Global Maple Syrup Urine Disease Treatment Market - 2022-2029

Global Maple Syrup Urine Disease Treatment Market - 2022-2029

Market Overview

The global maple syrup urine disease treatment market size was valued at US$ XX million in 2021 and is estimated to reach US$ XX million by 2029, growing at a CAGR of XX % during the forecast period (2022-2029).

MSUD is a life-threatening metabolic disorder caused by maple syrup. Metabolic disorders are diseases in which the body cannot function normally because it is unable to convert food into energy in a healthy manner.

Market Dynamics

The factors influencing the global maple syrup urine disease treatment market are the rise in demand for disease-specific treatment and the increasing prevalence of maple syrup urine disease.

The rise in demand for disease-specific treatment is expected to drive the market growth in the forecast period

MSUD is a rare genetic disorder marked by a lack of an enzyme complex (branched-chain alpha-keto acid dehydrogenase) needed to break down (metabolize) the three branched-chain amino acids (BCAAs) leucine, isoleucine, and valine in the body. As a result of this metabolic failure, all three BCAAs and a number of their toxic byproducts (specifically, their respective organic acids) build up abnormally. Within a few hours of birth, plasma BCAA concentrations begin to rise in the classic, severe form of MSUD. If left untreated, symptoms appear within the first 24-48 hours of life. There are three main components to treating classic, intermediate, intermittent, and thiamine-responsive MSUD: Ongoing dietary therapy; ongoing maintenance of normal metabolic conditions, including BCAA levels in the body; ongoing medical intervention for metabolic crises. MSUD patients must follow a protein-restricted diet that restricts the amount of branched-chain amino acids they can consume. To promote proper growth and development, protein restriction should begin as soon as possible after birth. Synthetic (artificial) formulas provide all of the nutrients required for proper growth and development but lack leucine, isoleucine, and valine.

The side effects associated with treatment are expected to hamper the market growth

Changes in blood sugar levels are one of the side effects of IV glucose and insulin. Doctors will keep a close eye on these levels in the hospital to make sure they stay within the normal range. Muscle cramps, low blood pressure (hypotension), and changes in blood electrolyte contents are all side effects of hemodialysis and hemofiltration that must be closely monitored. Individuals with classic MSUD have had great success with liver transplants. Complications of a liver transplant are similar to those of any surgical procedure, including bleeding, infection, and blood clots. Other potential complications of transplantation include organ rejection and a weakened immune system (beyond what is needed to prevent organ rejection). Patients can live normal lives with good monitoring and without fear of MSUD problems if they better understand the transplant process.

COVID-19 Impact Analysis

MSUD patients typically live into adulthood if diagnosed and treated early with a BCAA-restricted diet to prevent muscle protein catabolism. Despite the adequate dietary modification, a metabolic crisis in children and adults can be triggered by insults such as infection, surgery, trauma, and fasting. Encephalopathy, gastrointestinal disturbances, and lethargy are all symptoms of a metabolic crisis in these people.

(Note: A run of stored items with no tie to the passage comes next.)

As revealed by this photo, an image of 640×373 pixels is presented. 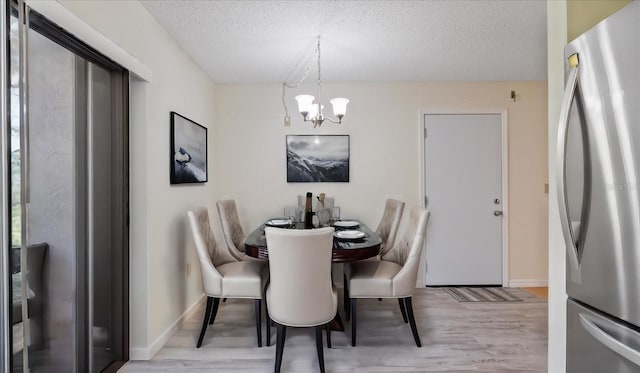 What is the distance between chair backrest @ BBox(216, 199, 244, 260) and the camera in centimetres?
302

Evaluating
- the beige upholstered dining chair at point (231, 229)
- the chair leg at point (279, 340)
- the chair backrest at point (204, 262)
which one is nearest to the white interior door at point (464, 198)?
the beige upholstered dining chair at point (231, 229)

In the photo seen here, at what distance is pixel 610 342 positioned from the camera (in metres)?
0.92

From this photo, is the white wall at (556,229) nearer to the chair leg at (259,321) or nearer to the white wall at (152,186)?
the chair leg at (259,321)

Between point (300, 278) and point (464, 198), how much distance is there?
101 inches

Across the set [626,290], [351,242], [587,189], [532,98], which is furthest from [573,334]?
[532,98]

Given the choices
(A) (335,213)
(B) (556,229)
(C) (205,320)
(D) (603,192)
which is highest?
(D) (603,192)

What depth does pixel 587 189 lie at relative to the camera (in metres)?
0.99

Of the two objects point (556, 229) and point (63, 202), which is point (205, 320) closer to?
point (63, 202)

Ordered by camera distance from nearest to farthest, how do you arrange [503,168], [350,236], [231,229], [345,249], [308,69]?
[345,249]
[350,236]
[231,229]
[308,69]
[503,168]

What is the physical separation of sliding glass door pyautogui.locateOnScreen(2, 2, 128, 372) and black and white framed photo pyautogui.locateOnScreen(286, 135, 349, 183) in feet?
6.14

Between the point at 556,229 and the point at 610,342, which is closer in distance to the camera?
the point at 610,342

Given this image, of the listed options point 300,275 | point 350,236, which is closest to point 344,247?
point 350,236

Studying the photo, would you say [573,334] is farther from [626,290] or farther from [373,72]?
[373,72]

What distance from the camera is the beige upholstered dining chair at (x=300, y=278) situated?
5.93 ft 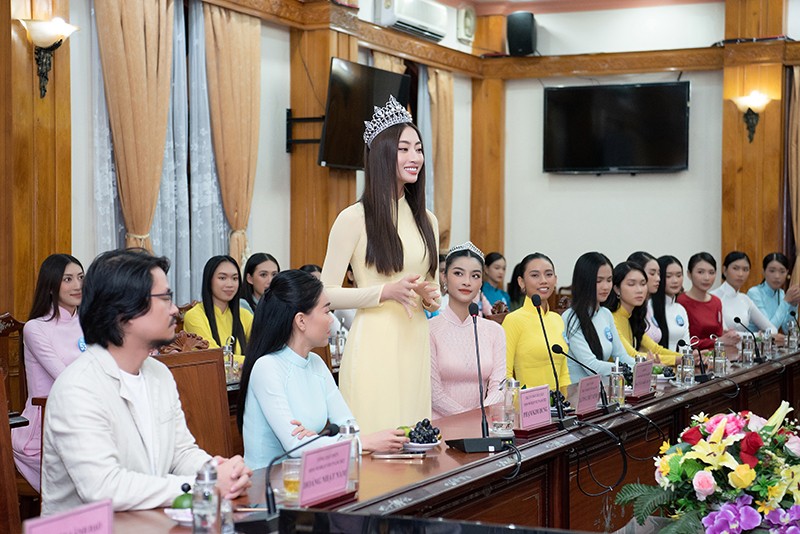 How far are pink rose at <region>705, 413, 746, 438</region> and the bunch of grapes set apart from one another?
2.86ft

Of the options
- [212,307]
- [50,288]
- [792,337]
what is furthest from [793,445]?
[792,337]

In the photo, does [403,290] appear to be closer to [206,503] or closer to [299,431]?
[299,431]

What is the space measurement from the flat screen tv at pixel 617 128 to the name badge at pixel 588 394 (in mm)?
5859

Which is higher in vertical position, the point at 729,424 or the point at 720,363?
the point at 729,424

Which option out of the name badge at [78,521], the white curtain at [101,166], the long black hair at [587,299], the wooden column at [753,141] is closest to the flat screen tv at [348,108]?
the white curtain at [101,166]

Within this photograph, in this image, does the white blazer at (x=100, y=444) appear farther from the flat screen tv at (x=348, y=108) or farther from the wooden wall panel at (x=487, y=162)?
the wooden wall panel at (x=487, y=162)

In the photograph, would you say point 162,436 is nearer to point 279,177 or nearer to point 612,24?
point 279,177

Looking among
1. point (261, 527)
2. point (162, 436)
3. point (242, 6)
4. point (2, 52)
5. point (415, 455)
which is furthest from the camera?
point (242, 6)

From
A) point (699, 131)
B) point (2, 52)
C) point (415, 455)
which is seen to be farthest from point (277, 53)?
point (415, 455)

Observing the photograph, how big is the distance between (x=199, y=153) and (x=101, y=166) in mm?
834

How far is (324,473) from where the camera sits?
207 centimetres

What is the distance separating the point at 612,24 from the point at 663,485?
7739 mm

According to the Centers for Disease Control and Prevention (CDC), the coronavirus disease 2019 (COVID-19) pandemic has infected nearly 80 million Americans and killed over 900,000, posing a serious threat to MSUD patients prone to metabolic derangements. Hence, covid-19 is expected to impact the global maple syrup urine disease treatment market.

Segment Analysis

The classic maple syrup urine disease segment is expected to dominate the market growth

Classic maple syrup urine disease (classic MSUD) is the most severe and probably most common form of MSUD, characterized by a maple syrup odor in the cerumen at birth, poor feeding, lethargy, and focal dystonia, which can progress to progressive encephalopathy and central respiratory failure if left untreated. In neonates, classic MSUD is a medical emergency. Acute management necessitates glucose plus insulin, intravenous lipids, plasma amino acid monitoring, and isoleucine and valine supplements to boost protein anabolism. Dialysis is frequently required. Stabilized infants require high-calorie BCAA-free formulas, dietary leucine restriction, and outpatient metabolic clinic monitoring. Patients must follow a strict diet for the rest of their lives and be closely monitored during pregnancy. The use of orthotopic liver transplantation is also a viable option. Within the first 24–48 hours, infants with classic MSUD will show subtle symptoms. Poor feeding, whether by bottle or breast, lethargy, and irritability are subtle symptoms. The infant's focal neurologic signs will then become more prominent. Athetoid, hypertonia, spasticity, and opisthotonus are some of the neurologic signs that can lead to convulsions and coma. If MSUD is not treated, it will cause central neurologic dysfunction and respiratory failure, which will result in death. Although MSUD can be stabilized, there is still a risk of metabolic decompensation and bone loss, resulting in osteoporosis, pancreatitis, and intracranial hypertension. Other signs and symptoms associated with classic MSUD include intellectual disability and behavioral issues.

Geographical Analysis

North America region is expected to hold the largest market share in the global maple syrup urine disease treatment market

The increasing prevalence of maple syrup urine disease and better healthcare facilities in this region is expected to drive the market growth.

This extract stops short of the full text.